The function defined below is the main function which performs pre-processing on a frame, makes model predictions and decode the output.¶

In [ ]:
# Function to perform pre-processing, model predictions and decoding output
def run(frame, display=False):
    
    # Pre-processing
    image_size = frame.shape[:2]
    image_data = np.array(pre_process(frame, (416, 416)), dtype=np.float32)
    
    # Fetch data to DPU and trigger it
    image[0,...] = image_data.reshape(shapeIn[1:])
    job_id = dpu.execute_async(input_data, output_data)
    dpu.wait(job_id)
    
    # Retrieve output data
    conv_out0 = np.reshape(output_data[0], shapeOut0)
    conv_out1 = np.reshape(output_data[1], shapeOut1)
    conv_out2 = np.reshape(output_data[2], shapeOut2)
    yolo_outputs = [conv_out0, conv_out1, conv_out2]
    
    # Decode output from YOLOv3
    boxes, scores, classes = evaluate(yolo_outputs, image_size, class_names, anchors)
    
    if display:
        _ = draw_boxes(frame, boxes, scores, classes)
        
    return boxes, scores, classes
In [ ]:
# Read an input image in the "img" direectory
input_image = cv2.imread(os.path.join(image_folder, original_images[4]))
In [ ]:
# Perform pre-processing, model predictions and decode the output from the image
run(input_image, display=True)

4. Object Detection by Using a Webcam¶

In [ ]:
# Start capturing a video 
videoIn = cv2.VideoCapture(0)
videoIn.set(cv2.CAP_PROP_BUFFERSIZE, 1)  # Disable buffering
videoIn.set(cv2.CAP_PROP_FRAME_WIDTH, 640);
videoIn.set(cv2.CAP_PROP_FRAME_HEIGHT, 480);

print("Capture device is open: " + str(videoIn.isOpened()))

Running the next cell, would result in capturing a frame¶

In [ ]:
# Extract the frame from the video
ret, frame = videoIn.read()
In [ ]:
# Perform predictions on the frame
boxes, scores, classes = run(frame, display=True)
In [ ]:
# Store information of the detected object which has the highest score.
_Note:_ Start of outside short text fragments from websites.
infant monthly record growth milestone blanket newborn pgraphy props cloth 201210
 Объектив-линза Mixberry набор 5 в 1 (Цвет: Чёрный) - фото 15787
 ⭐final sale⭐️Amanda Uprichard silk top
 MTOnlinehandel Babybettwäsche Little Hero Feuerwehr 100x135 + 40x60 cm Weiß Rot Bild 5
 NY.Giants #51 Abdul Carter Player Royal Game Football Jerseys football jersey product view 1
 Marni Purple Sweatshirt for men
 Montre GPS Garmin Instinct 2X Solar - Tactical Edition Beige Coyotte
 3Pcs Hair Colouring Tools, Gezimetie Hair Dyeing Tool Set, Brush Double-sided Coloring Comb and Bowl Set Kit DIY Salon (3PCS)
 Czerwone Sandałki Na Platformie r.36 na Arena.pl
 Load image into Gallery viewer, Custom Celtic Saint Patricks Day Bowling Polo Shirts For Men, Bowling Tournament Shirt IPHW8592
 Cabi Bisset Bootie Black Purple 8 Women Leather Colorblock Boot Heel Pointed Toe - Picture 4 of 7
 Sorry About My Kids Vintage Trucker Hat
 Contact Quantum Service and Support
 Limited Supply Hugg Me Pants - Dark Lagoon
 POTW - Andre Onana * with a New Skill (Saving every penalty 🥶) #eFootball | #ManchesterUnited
And store the class information of this object
best_score = np.argmax(scores)
class_names[classes[best_score]]

We will now print the object with the highest score on the OLED.

In [ ]:
oled = adapter.G4
oled.set_default_config()
oled.set_normal_display()
oled.put_string("Detected") 
oled.set_position(2, 0)
oled.put_string(f"{class_names[classes[best_score]]}")
In [ ]:
videoIn.release()    # Releasing the video capture object

Example OLED Output for a monitor would look like:¶

image.png

5. Real Time Object Detection from webcam¶

In [ ]:
cap = cv2.VideoCapture(0)    # Start the video capture
cap.set(cv2.CAP_PROP_BUFFERSIZE, 1)  # Disable buffering
In [ ]:
display_handle=display(None, display_id=True)    # This displays the video once the frame is updated

Keeping track of only best scoring object in the image...

In [ ]:
last_object = "None"

# while True:
for i in range(200):
    _, frame = cap.read()
    boxes, scores, classes = run(frame)
    
    if scores.any():

        best_score = np.argmax(scores)

        # Draw bounding box
        y_min,x_min,y_max,x_max = map(int, boxes[best_score])
        frame = cv2.rectangle(frame, (x_min,y_min), (x_max, y_max), color=255)

        # Label
        text = f"{class_names[classes[best_score]]}: {scores[best_score]:.2f}"
        text_size = cv2.getTextSize(text, cv2.FONT_HERSHEY_SIMPLEX, 0.5, 2)[0]
        frame = cv2.putText(frame, text, (x_min, y_min-text_size[1]), cv2.FONT_HERSHEY_SIMPLEX, 1, 255, 1, cv2.LINE_AA)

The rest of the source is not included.